In 1844, an American doctor by the name of John Gorrie built an air-cooling system to help treat his yellow fever patients — but his eureka moment didn't stop there. Most historians credit Gorrie, who went on to become “the father of refrigeration,” with the invention of the first ice cube tray. By the 1930s, most electric refrigerators were equipped with a freezer compartment dedicated specifically for cube-making trays.

 

As 2012 shapes up to be possibly the hottest year on record, we can thank Gorrie for providing us with relief in the form of ice water, iced tea, ice pops and other treats reliant on frozen water. But beyond providing the luxury of a cool drink or snack, frozen cubes have a host of practical applications. Here are some of the tried and true ways to put your ice to good use:

 

1. Quench houseplants
Houseplants help clean the air, so having plenty of them around is a good thing. For hard-to-reach plants or for those pots prone to overflowing, you can place ice cubes atop the dirt and let them melt for slow absorption into the soil.

 

2. Get medicine down the hatch
No matter how hard the makers of children’s medicine try to disguise the flavor, it still tastes repugnant, especially to young taste buds, which are sensitive to bitterness. Giving a child an ice cube to suck on first can help mask the taste. (Putting a spoonful of sugar in the water when making the ice will practically guarantee success.)

 

3. Ease splinter fear
There is nothing like the terror in the eyes of a child who sees the needle and tweezers approaching a splinter spot. If the area is iced beforehand, though, he won't feel much. While this may not alleviate the initial panic, consequent removals should be less harrowing.

 

4. Soothe the eyes

Many people know about using sliced cucumbers on achey eyes, but if there's none on hand, ice on tired and/or puffy peepers will help soothe and decrease swelling. Place ice cubes in a soft cloth and apply to eyes on and off for 15 minutes.

 

5. Decrease bruising

Bruises forms when an impact breaks capillaries near the skin's surface, allowing a small amount of blood to leak into the tissues under the skin. If you apply ice to the banged body part quickly, the chill will help to constrict blood vessels and will lessen the severity of a bruise and swelling. It’s best to get the ice on it while it’s fresh and still red, before discoloration begins. Do not apply ice directly to skin (wrap it in a cloth) and apply for up to 15 minutes oer hour. 

 

6. Cool the dog (or the cat, hamster...)

Yes, adding ice to your hot pet’s water may be indulgent, but for a culture that worships pets like we do, it’s a natural. Ice cubes are also many a dog’s favorite chew toy, which can play double duty for cooling relief as well.

 

7. Simplify caulking
Sticky caulk is a beast. Specialized tools help, but an ice cube is like a small miracle when it comes to the final smoothing of a gunky bead. Run the ice along the seam; it’s hard and smooth and will make a nice edge, but the caulk won’t stick to it.

 

8. Spiff up the garbage disposal

The garbage disposer is supposed to consume garbage and its odors, but sometimes in the process it ends up creating more smells than it eliminates.
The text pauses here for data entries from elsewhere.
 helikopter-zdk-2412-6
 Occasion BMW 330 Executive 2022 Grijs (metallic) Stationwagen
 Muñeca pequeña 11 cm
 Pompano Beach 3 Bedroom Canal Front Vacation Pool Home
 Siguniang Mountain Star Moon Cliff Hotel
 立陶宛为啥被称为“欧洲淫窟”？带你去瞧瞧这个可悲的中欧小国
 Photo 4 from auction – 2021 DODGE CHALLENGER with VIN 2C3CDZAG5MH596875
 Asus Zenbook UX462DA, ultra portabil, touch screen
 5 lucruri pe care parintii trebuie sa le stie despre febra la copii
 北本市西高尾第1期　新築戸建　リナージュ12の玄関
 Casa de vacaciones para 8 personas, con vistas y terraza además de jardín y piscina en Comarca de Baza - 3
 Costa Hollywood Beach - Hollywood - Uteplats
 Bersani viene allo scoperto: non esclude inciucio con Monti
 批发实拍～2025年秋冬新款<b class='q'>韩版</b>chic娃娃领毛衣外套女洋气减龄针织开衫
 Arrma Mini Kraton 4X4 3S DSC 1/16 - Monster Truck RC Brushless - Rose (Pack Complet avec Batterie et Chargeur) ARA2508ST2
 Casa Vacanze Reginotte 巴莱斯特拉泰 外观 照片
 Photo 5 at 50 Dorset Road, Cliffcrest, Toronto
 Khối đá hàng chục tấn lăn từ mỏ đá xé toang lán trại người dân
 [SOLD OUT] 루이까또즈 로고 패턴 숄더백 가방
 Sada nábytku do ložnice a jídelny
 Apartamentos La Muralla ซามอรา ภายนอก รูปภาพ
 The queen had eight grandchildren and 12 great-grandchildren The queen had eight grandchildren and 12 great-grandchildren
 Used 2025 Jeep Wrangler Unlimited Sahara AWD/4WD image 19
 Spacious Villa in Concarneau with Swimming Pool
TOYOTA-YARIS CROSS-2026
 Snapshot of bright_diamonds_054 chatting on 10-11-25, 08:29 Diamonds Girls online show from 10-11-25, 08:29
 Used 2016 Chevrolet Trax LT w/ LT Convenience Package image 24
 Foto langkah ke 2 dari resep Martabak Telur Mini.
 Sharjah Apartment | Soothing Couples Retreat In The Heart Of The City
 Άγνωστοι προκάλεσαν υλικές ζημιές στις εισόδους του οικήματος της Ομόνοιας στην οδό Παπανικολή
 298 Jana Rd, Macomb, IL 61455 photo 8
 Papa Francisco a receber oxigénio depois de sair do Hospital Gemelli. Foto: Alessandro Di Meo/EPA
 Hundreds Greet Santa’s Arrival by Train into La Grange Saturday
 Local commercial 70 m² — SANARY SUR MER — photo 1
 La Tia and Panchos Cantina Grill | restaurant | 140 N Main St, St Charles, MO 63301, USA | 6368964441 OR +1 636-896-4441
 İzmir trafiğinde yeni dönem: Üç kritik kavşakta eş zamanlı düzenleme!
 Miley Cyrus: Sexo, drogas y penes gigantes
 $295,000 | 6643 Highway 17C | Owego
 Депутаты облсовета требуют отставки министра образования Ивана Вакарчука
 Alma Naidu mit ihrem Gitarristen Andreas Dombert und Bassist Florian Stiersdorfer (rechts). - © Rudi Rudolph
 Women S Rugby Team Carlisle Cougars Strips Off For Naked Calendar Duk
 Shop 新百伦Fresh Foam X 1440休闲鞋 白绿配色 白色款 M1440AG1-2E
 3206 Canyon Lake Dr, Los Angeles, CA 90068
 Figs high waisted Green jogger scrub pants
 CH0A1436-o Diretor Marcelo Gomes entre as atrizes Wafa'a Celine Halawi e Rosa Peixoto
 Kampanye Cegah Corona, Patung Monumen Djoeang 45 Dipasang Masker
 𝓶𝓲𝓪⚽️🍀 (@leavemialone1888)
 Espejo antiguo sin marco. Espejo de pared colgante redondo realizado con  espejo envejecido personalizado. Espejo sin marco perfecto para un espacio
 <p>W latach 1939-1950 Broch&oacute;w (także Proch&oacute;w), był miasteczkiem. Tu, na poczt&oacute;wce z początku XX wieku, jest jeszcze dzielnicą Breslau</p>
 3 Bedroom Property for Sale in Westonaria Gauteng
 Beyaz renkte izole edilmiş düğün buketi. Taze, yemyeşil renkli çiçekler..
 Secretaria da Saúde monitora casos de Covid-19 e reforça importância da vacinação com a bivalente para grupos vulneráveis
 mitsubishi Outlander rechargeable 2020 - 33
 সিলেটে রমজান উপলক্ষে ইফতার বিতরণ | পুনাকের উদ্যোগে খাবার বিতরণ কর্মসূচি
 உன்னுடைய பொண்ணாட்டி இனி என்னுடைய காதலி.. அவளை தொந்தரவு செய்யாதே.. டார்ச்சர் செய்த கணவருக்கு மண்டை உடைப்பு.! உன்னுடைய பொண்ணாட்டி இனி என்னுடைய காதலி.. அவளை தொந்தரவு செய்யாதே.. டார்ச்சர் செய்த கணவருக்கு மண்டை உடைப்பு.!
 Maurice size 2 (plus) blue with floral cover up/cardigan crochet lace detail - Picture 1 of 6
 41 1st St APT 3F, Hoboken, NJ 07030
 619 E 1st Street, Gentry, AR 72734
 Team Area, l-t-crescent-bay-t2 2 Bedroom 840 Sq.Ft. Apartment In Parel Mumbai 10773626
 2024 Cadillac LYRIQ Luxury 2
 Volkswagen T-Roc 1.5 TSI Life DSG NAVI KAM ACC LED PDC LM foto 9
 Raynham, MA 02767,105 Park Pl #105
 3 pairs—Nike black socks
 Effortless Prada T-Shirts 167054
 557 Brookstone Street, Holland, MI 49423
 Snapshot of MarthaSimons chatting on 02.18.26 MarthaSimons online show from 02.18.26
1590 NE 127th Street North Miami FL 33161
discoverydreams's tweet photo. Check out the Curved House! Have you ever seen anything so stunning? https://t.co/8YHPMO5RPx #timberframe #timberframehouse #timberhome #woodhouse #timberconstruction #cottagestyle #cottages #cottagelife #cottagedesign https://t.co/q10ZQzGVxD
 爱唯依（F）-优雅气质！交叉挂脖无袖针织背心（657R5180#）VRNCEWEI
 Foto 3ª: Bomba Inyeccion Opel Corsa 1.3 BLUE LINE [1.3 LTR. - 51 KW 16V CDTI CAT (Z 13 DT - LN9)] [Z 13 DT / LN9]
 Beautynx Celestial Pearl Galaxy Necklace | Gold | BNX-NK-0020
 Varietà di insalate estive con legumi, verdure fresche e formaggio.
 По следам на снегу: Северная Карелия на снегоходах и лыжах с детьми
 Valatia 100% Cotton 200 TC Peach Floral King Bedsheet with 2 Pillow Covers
Before reaching for commercial disposer cleaners which may contain bleach and other chemicals, try ice. Give the disposal a whir with ice cubes and lemon rinds to break down grease that can compromise the device’s performance and add a bright fresh fragrance.

 

9. Give sparkle to coffee pots, vases or bottles 

If you have a glass vessel with a small neck that’s hard to clean, employ ice. Add ice cubes, course salt, and lemon and swish and shake for a few minutes. The salt works as a mild abrasive, the lemon cuts grease, and the ice is the vehicle that gives the scrubbing momentum.

 

10. Thicken dressings

When mixing an olive oil and vinegar dressing in a jar, it can be difficult to get a nice, thick emulsion. If you add an ice cube and shake vigorously, it will chill and thicken the oil making for a much creamier dressing. Remove the ice and serve promptly.

 

11. Fix broken sauces

Internet wisdom suggests an ice cube to fix curdled sauces like hollandaise. But if the eggs in the sauce are cooked, there’s not much ice can do to uncook them. That said, if you catch an emulsion that is just starting to break — which you can notice when a rim of butter lines the edge or small puddles are forming on top — an ice cube can help. Remove the pan from the heat and whisk in the ice cube. 

 

12. Skim the fat

To remove excess fat from soups, gravies and stews, you don't need a dedicated fat separator, you can simply fill a ladle or stainless steel vessel with ice and skim across the top of the soup. The fat will harden on contact with the cold metal and will adhere to it for easy removal.

 

13. Remove chewing gum

One of the oldest tricks in the book of collective granny wisdom: Rub an ice cube on chewing gum stuck to fabric, let it freeze, and scrape off the mess with the edge of a spoon.